LISTED ENTRIES
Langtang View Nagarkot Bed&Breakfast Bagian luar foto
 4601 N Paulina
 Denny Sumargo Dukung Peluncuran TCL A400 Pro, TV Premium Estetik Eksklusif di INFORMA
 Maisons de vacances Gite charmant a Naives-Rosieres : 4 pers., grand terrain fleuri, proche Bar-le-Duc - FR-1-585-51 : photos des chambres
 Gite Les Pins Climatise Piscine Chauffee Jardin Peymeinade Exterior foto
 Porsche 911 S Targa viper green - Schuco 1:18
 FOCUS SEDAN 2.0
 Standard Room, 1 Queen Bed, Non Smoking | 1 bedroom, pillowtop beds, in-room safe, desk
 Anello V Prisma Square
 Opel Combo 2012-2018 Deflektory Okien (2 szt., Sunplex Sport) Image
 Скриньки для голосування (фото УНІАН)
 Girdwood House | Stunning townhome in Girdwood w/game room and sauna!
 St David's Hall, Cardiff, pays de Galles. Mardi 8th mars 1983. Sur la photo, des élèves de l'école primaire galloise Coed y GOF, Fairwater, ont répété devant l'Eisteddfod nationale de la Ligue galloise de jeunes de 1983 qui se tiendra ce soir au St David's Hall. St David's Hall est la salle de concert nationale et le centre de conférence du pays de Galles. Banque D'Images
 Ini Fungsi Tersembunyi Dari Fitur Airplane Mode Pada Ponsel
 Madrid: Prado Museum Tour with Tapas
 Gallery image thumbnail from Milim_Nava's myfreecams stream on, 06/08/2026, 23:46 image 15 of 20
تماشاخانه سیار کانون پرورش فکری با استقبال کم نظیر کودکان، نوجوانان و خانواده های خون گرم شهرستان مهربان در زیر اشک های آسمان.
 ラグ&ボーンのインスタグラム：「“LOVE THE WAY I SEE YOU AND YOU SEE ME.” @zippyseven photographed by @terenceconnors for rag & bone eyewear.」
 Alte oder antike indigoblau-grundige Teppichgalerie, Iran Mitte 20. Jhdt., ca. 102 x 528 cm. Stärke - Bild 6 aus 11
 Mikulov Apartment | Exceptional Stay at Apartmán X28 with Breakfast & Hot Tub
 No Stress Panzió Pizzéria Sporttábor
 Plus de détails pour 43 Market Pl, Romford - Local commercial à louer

PROBLEM TO WORK ON
Extract, please, the lines from the start of the entries above through the one with "Mikulov Apartment |", both included, reproducing each exactly and adding nothing.

EXERCISE ANSWER
Langtang View Nagarkot Bed&Breakfast Bagian luar foto
 4601 N Paulina
 Denny Sumargo Dukung Peluncuran TCL A400 Pro, TV Premium Estetik Eksklusif di INFORMA
 Maisons de vacances Gite charmant a Naives-Rosieres : 4 pers., grand terrain fleuri, proche Bar-le-Duc - FR-1-585-51 : photos des chambres
 Gite Les Pins Climatise Piscine Chauffee Jardin Peymeinade Exterior foto
 Porsche 911 S Targa viper green - Schuco 1:18
 FOCUS SEDAN 2.0
 Standard Room, 1 Queen Bed, Non Smoking | 1 bedroom, pillowtop beds, in-room safe, desk
 Anello V Prisma Square
 Opel Combo 2012-2018 Deflektory Okien (2 szt., Sunplex Sport) Image
 Скриньки для голосування (фото УНІАН)
 Girdwood House | Stunning townhome in Girdwood w/game room and sauna!
 St David's Hall, Cardiff, pays de Galles. Mardi 8th mars 1983. Sur la photo, des élèves de l'école primaire galloise Coed y GOF, Fairwater, ont répété devant l'Eisteddfod nationale de la Ligue galloise de jeunes de 1983 qui se tiendra ce soir au St David's Hall. St David's Hall est la salle de concert nationale et le centre de conférence du pays de Galles. Banque D'Images
 Ini Fungsi Tersembunyi Dari Fitur Airplane Mode Pada Ponsel
 Madrid: Prado Museum Tour with Tapas
 Gallery image thumbnail from Milim_Nava's myfreecams stream on, 06/08/2026, 23:46 image 15 of 20
تماشاخانه سیار کانون پرورش فکری با استقبال کم نظیر کودکان، نوجوانان و خانواده های خون گرم شهرستان مهربان در زیر اشک های آسمان.
 ラグ&ボーンのインスタグラム：「“LOVE THE WAY I SEE YOU AND YOU SEE ME.” @zippyseven photographed by @terenceconnors for rag & bone eyewear.」
 Alte oder antike indigoblau-grundige Teppichgalerie, Iran Mitte 20. Jhdt., ca. 102 x 528 cm. Stärke - Bild 6 aus 11
 Mikulov Apartment | Exceptional Stay at Apartmán X28 with Breakfast & Hot Tub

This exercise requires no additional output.